__Task item__
Quote every line of the data below as it stands, omitting pictures.

__Data extract__
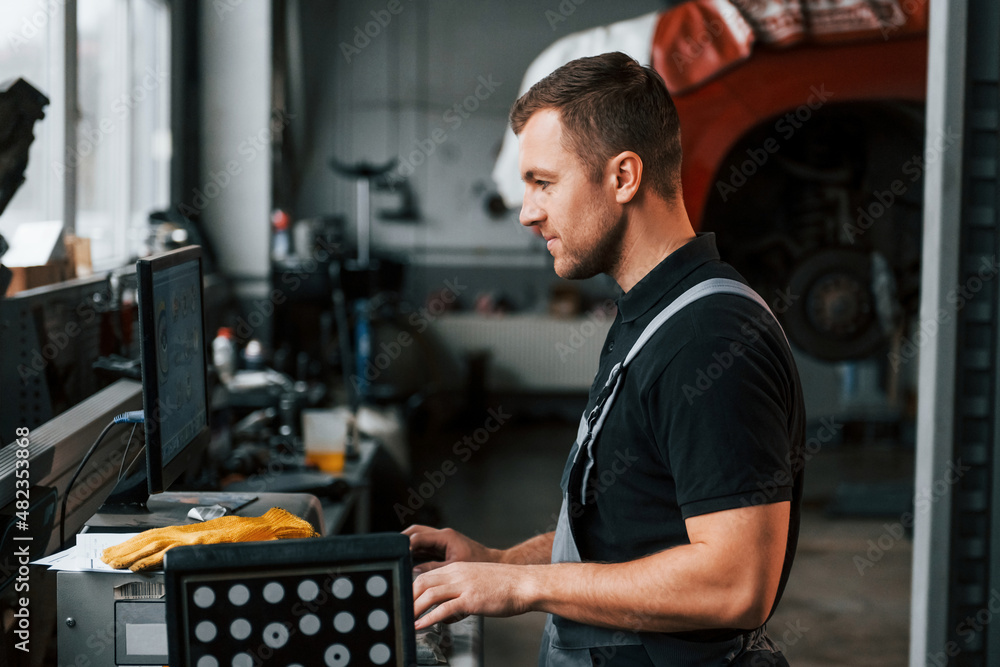 Work in progress. Man in uniform is in the auto service Work in progress. Man in uniform is in the auto service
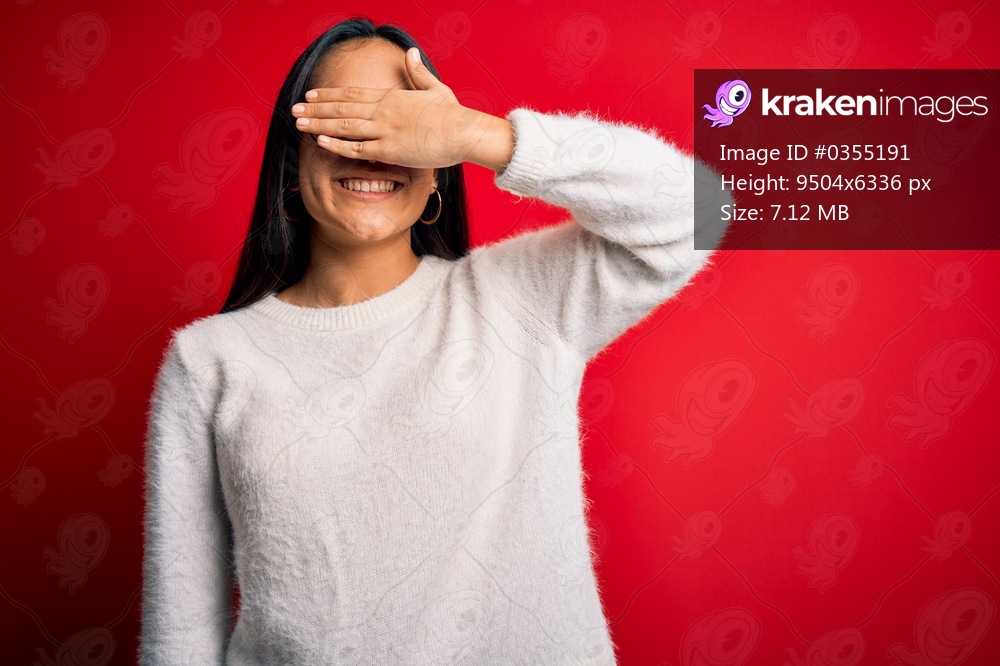 Young beautiful asian woman wearing casual sweater and glasses over red background smiling and laughing with hand on face covering eyes for surprise. Blind concept.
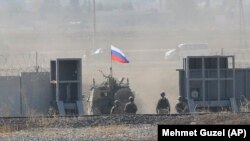 A Russian Army vehicle enters Syria as it begins its joint patrol with Turkish forces on November 5.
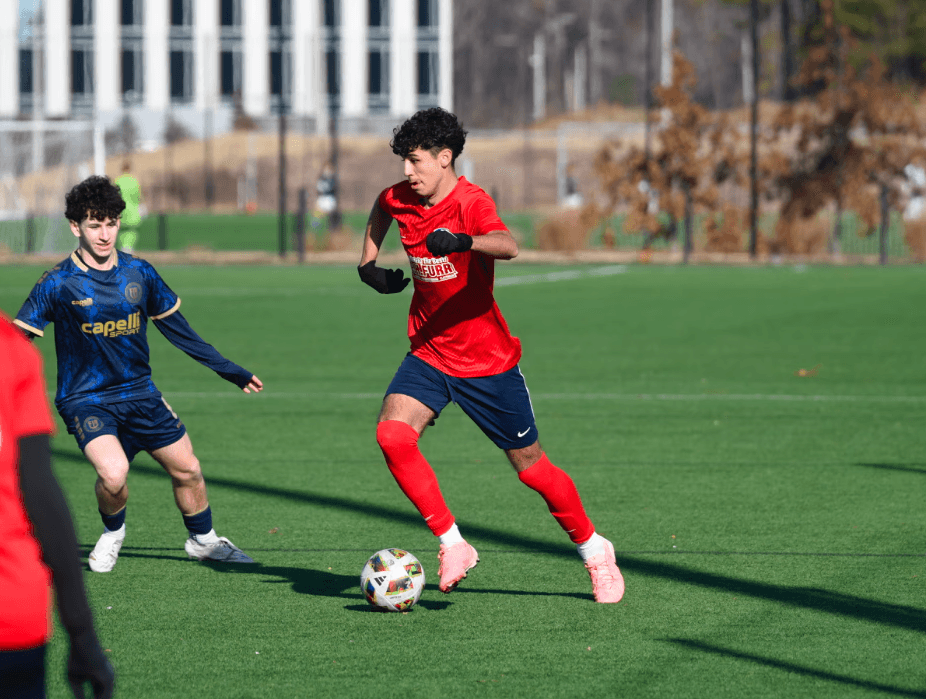Smiling woman sitting at desk with a computer, surrounded by plants.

__Answer to this task__
 Work in progress. Man in uniform is in the auto service Work in progress. Man in uniform is in the auto service
 Young beautiful asian woman wearing casual sweater and glasses over red background smiling and laughing with hand on face covering eyes for surprise. Blind concept.
 A Russian Army vehicle enters Syria as it begins its joint patrol with Turkish forces on November 5.
Smiling woman sitting at desk with a computer, surrounded by plants.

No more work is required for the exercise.